Колонна была важнейшей частью ордера, так как она являлась основной несущей частью (см.рисунок). Колонна дорического ордера опиралась непосредственно на стилобат; ее пропорции в архаический период были обычно приземистыми и мощными (высота равна 4 - 6 нижним диаметрам). Дорическая колонна состояла из ствола, заканчивавшегося вверху капителью. Ствол был прорезан рядом продольных желобов — каннелюр; они шли вдоль всего ствола колонны и игрой света и тени подчеркивали ее объемность, а также усиливали общий вертикальный строй всей колоннады. Колонны дорического ордера не были геометрически точными цилиндрами. Кроме общего сужения кверху они имели на высоте одной трети некоторое равномерное утолщение — энтазис, — хорошо заметное на силуэте колонны. Энтазис, подобно напряженным мышцам живого существа, создавал ощущение упругого усилия, с которым колонны несли антаблемент. Дорическая капитель была очень проста; она состояла из эхина — круглой каменной подушки, — и абаки — невысокой каменной плиты, на которую ложилось давление антаблемента.
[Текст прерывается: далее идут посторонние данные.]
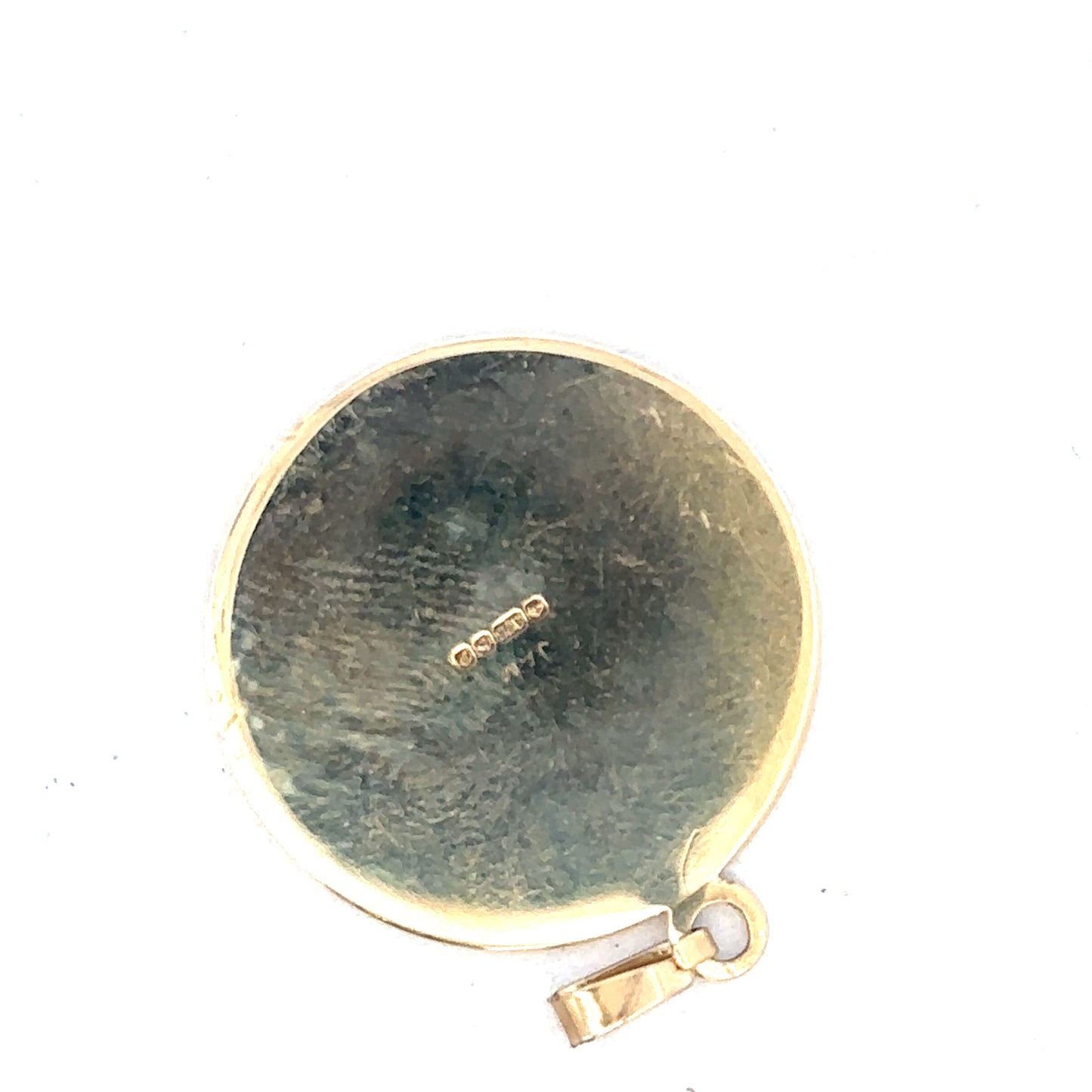 9ct yellow gold St Christopher pendant by Reeves and Sons, featuring detailed religious medal design on a fine chain.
Пропорциональное соотношение греческих архитектурных ордеров: дорического, ионического и коринфского
Антаблемент складывался из архитрава, то есть балки, которая лежала непосредственно на колоннах и несла всю тяжесть перекрытия, фриза и карниза. Архитрав дорического ордера был гладким. Дорический фриз состоял из триглифов и метоп. Триглифы по своему происхождению восходили к выступающим торцам балок; они разделялись на три полосы вертикальными желобками. Метопы были прямоугольными плитами, когда-то, в 8 - 7 вв. до н.э., керамическими, а затем, с 7 в. до н.э. - каменными; они заполняли промежутки между триглифами. Карниз завершал антаблемент.
Треугольники, образованные на переднем и заднем, фасадах — под двускатной крышей, — назывались фронтонами. Конек крыши и ее углы венчались скульптурными (обычно керамическими) украшениями, так называемыми акротериями. Фронтоны и метопы заполнялись скульптурой.
Колонна ионического ордера легка и стройна, она выше и тоньше по своим пропорциям, чем дорическая колонна, ее высота равна 8 - 10 нижним диаметрам. Ионическая колонна имела базу, из которой она словно вырастала кверху. Каннелюры, в дорической колонне сходившиеся под углом, в ионической колонне разделены плоскими срезами граней. От этого количество вертикальных линий как бы удваивалось, что сообщало колонне особенную легкость. Благодаря тому что желобки в ионической колонне были врезаны глубже, игра света и тени на ней была богаче и живописнее.
Капитель ионического ордера имела эхин, образующий два изящных завитка — волюты. Из-за волют капители угловых колонн требовали сложного разрешения. Архитрав ионического ордера был разделен по горизонтали на три полосы, отчего он казался более легким. Фриз шел сплошной лентой вдоль всего антаблемента. Карниз был богато декоративно обработан.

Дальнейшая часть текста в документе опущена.